*WHAT IS NEEDED:*
Type the entries out again exactly as they read, but leave every picture behind.

*RECORDS PROVIDED:*
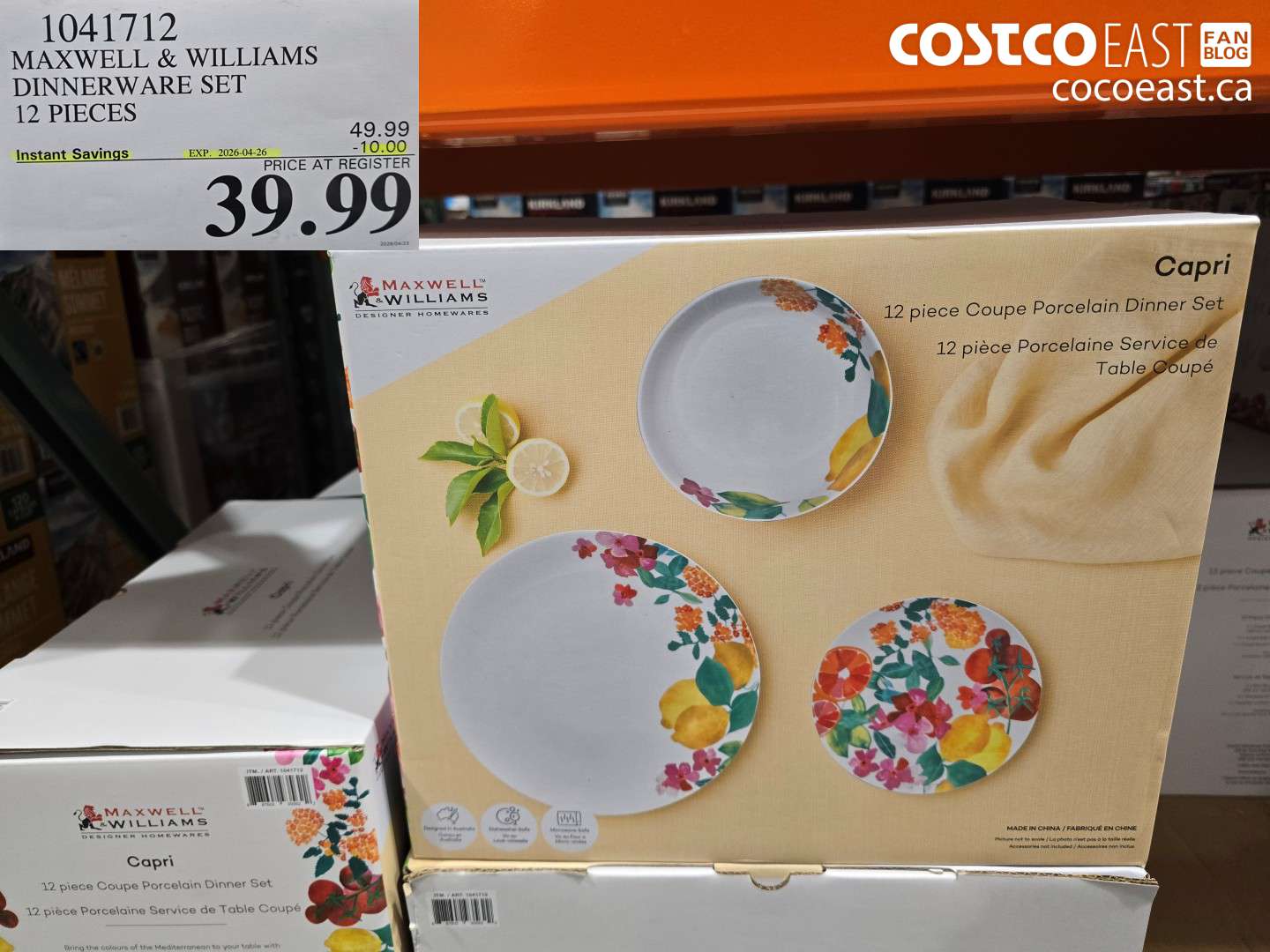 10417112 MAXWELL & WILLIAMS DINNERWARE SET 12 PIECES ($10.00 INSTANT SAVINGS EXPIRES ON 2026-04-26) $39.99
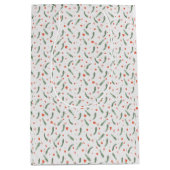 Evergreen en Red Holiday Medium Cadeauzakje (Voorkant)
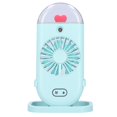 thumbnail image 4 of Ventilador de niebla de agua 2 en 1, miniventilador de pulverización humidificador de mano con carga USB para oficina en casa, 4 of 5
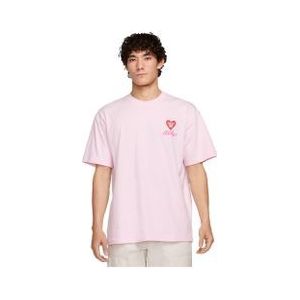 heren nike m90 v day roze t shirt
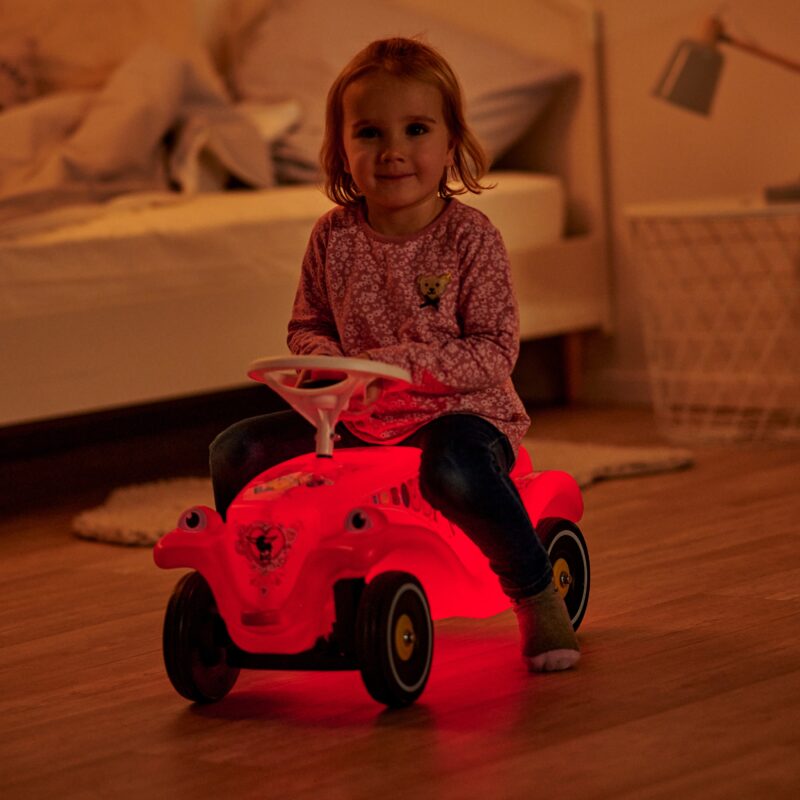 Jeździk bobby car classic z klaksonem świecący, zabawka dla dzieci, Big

*ANSWER AREA:*
 10417112 MAXWELL & WILLIAMS DINNERWARE SET 12 PIECES ($10.00 INSTANT SAVINGS EXPIRES ON 2026-04-26) $39.99
 Evergreen en Red Holiday Medium Cadeauzakje (Voorkant)
 thumbnail image 4 of Ventilador de niebla de agua 2 en 1, miniventilador de pulverización humidificador de mano con carga USB para oficina en casa, 4 of 5
 heren nike m90 v day roze t shirt
 Jeździk bobby car classic z klaksonem świecący, zabawka dla dzieci, Big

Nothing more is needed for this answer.